Французу совершенно не обязательно быть поклонником якобинцев, чтобы признавать огромную позитивную роль, которую сыграла революция прежде всего в формировании современной французской нации. Признание этого факта объединяет голлистов, социалистов, коммунистов, даже крайне правых из Национального фронта, позволяя им всем, независимо от идеологических различий, осознавать себя французами. День взятия Бастилии – 14 июля – действительно национальный праздник, несмотря на то что от французских школьников отнюдь не скрывают ни ужасы якобинского террора, ни захватническую политику Бонапарта. Однако идеалы революции стали частью национальной культуры.
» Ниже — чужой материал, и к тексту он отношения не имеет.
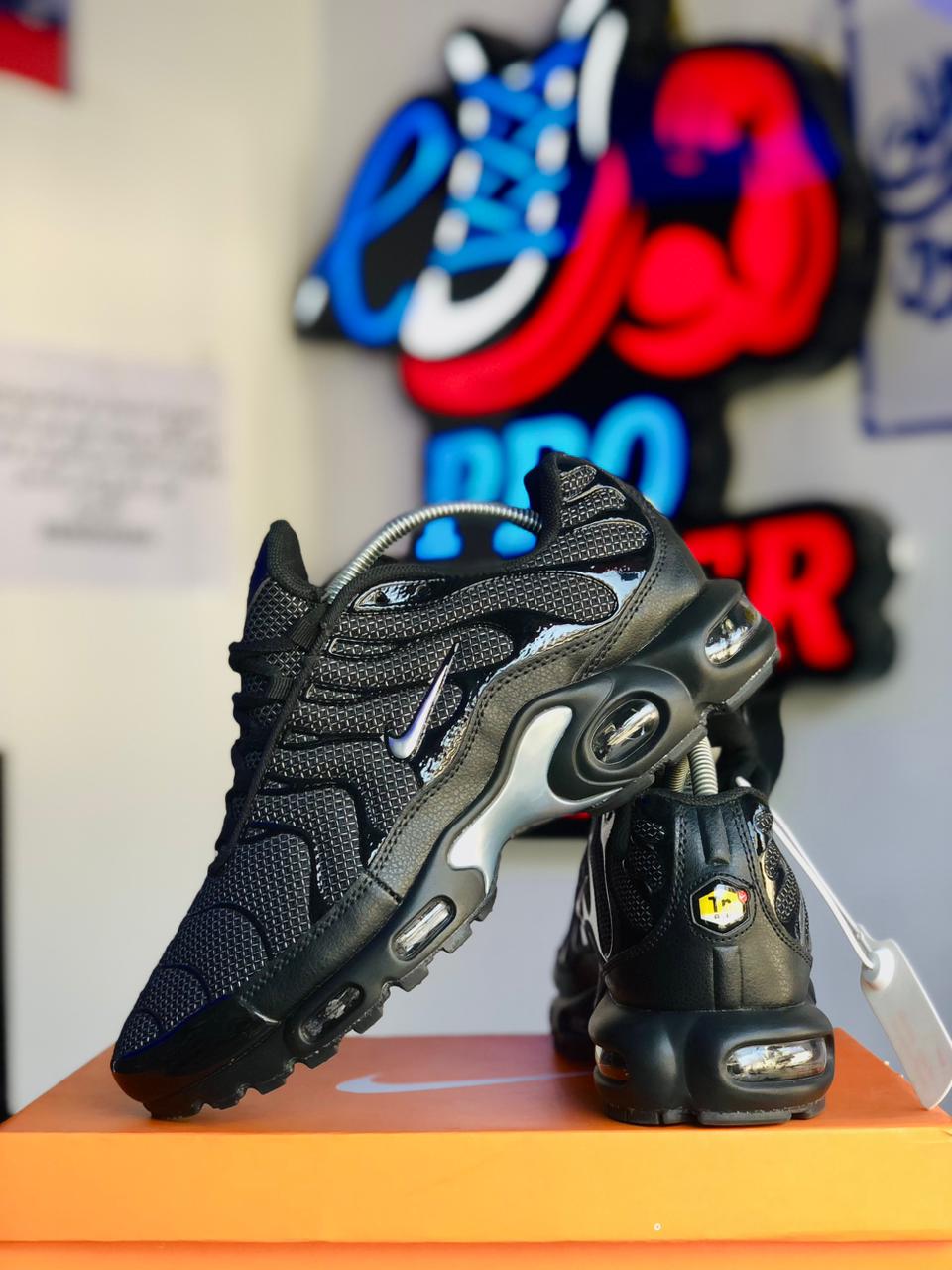 Nike TN Black Metallic Silver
Даже вопреки ее реальной практике.
Между тем в нашей истории и культуры роль революции даже больше: ведь именно в результате преобразований, начатых большевиками, произошла интеграция общества. Можно сколько угодно говорить о великих писателях XIX века, но следует помнить, что они принадлежали к культуре меньшинства: большая часть русских людей Толстого и Пушкина до 1917 года не читала просто потому, что вообще не умела читать. В советское время культура русской интеллигенции стала органической частью народной культуры. Побочным эффектом этого стало невероятное самодовольство и необоснованная самоуверенность интеллигентов, во всей красе продемонстрированные в ходе 1990-х годов – издержки прогресса!
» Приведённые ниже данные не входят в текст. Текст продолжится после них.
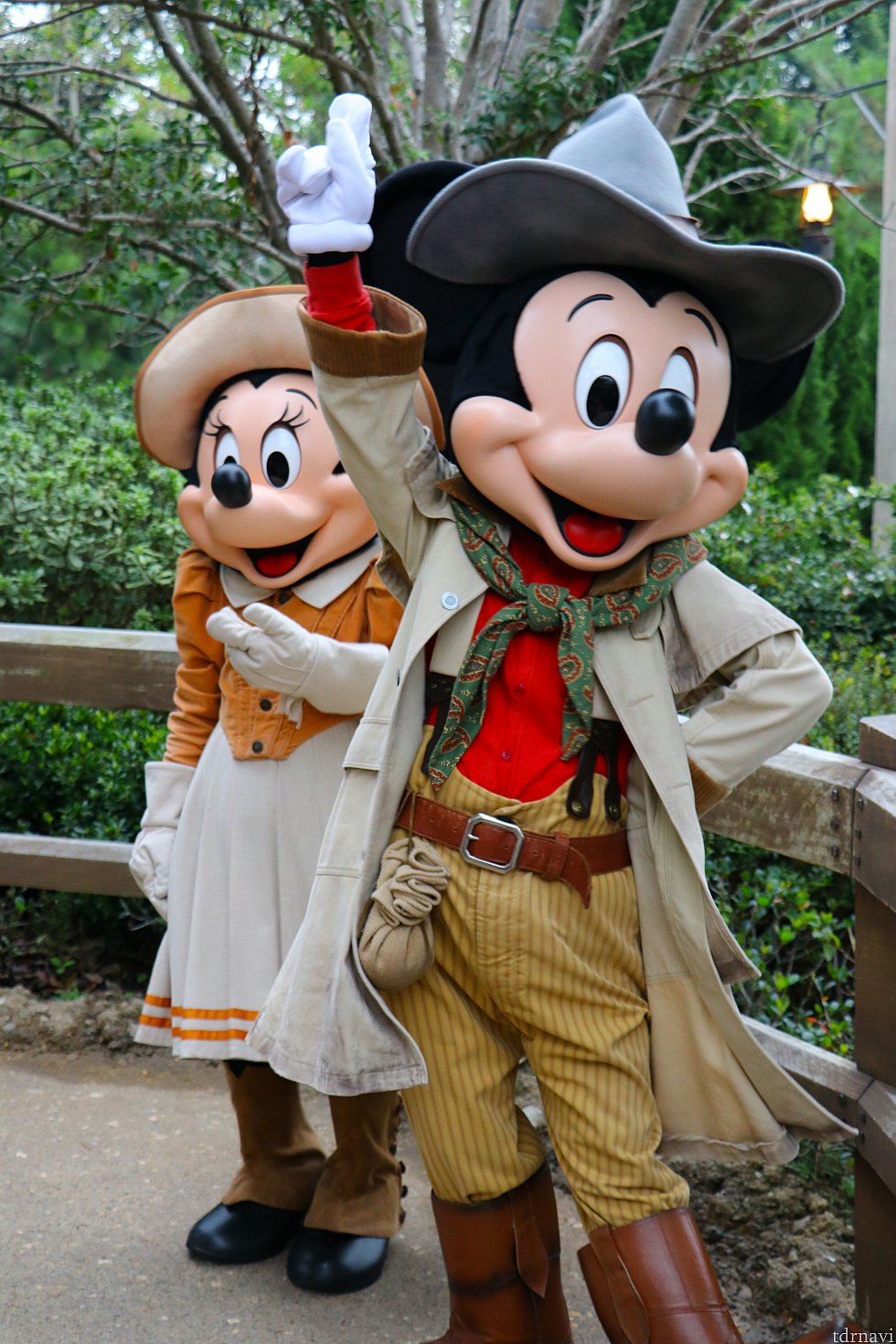 隣ではミッキーたちがグリーティングしています。この日は冬服のコートをお披露目してくれました。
В условиях, когда оценка истории ХХ века вызывает в обществе острые разногласия, а для власти является исключительно источником культурно-психологических проблем, призывы к «национальной гордости» оборачиваются попыткой вернуть обществу патриотическое сознание в той форме, в какой оно существовало в XIX или даже в XVIII веке (во времена, например, Екатерины Великой). Однако такая идеология оказывается заведомо неэффективной и как минимум недостаточной. Мало того что в одну реку нельзя войти дважды, но старые формулы не дают ответов на новые вопросы. Причем именно на те вопросы, которые наиболее важны и актуальны.
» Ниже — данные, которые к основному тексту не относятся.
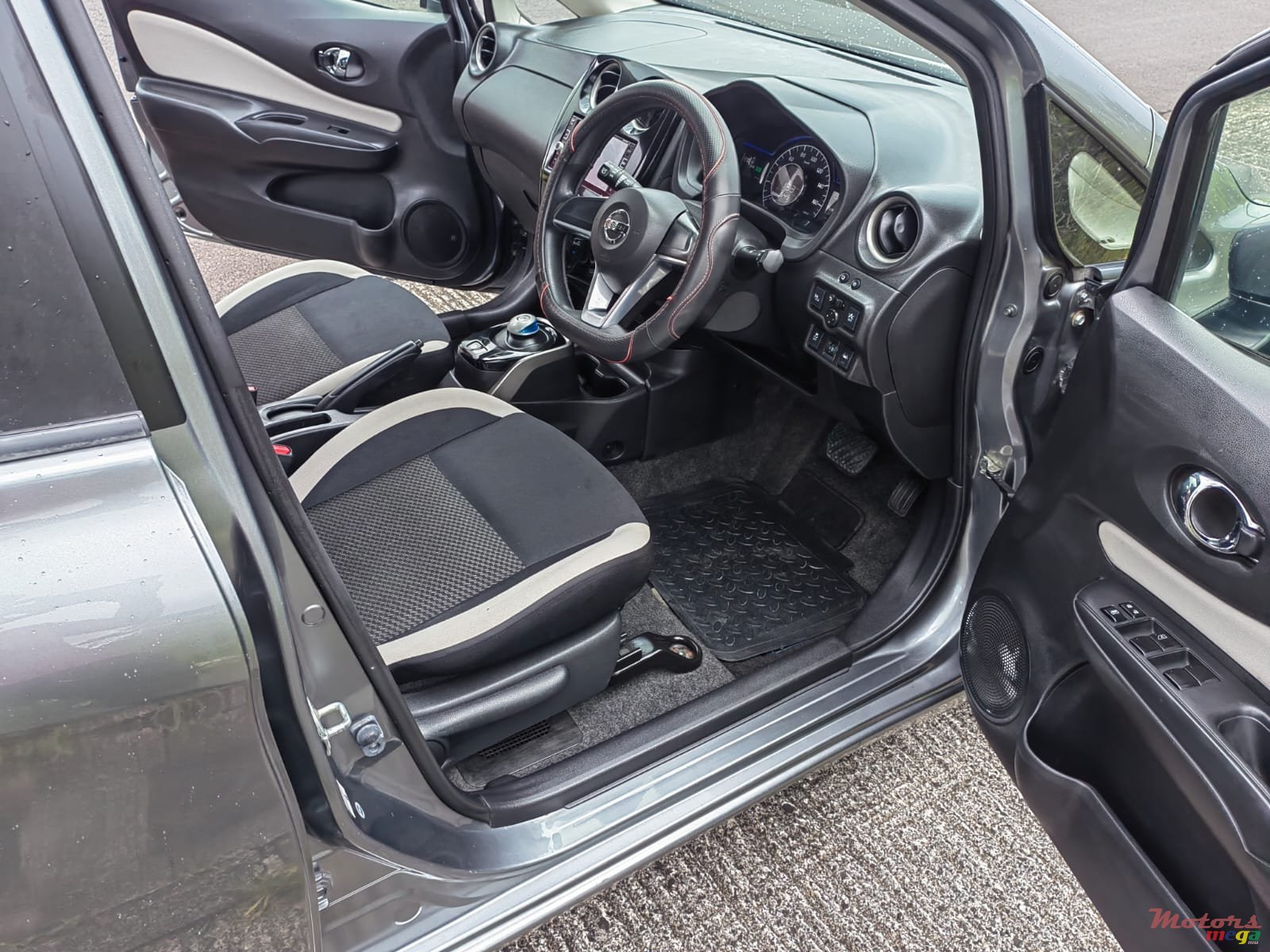 2017' Nissan Note Epower photo #6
Потому-то и получается, что попытки выражения национальных чувств (в том числе вполне искренние) то и дело оборачиваются бессодержательной риторикой, а то и того хуже – дремучим национализмом, нацеленным на то, чтобы вернуть нас в прошлое.
Россия, как и любая страна, нуждается в национальном самосознании, но оно не может быть выработано идеологами или придумано (как пресловутая «национальная идея», для формулирования которой уже не один раз создавались какие-то мозговые центры и дорогостоящие комиссии). Самосознание народа вырабатывается самим народом по мере того, как он научается жить со своей историей и продолжать ее, опираясь на достижения прошлого и критически переосмысливая свои неудачи и трагедии. Эта работа еще далека от завершения. Но до тех пор, пока существуют народ и страна, она будет продолжаться.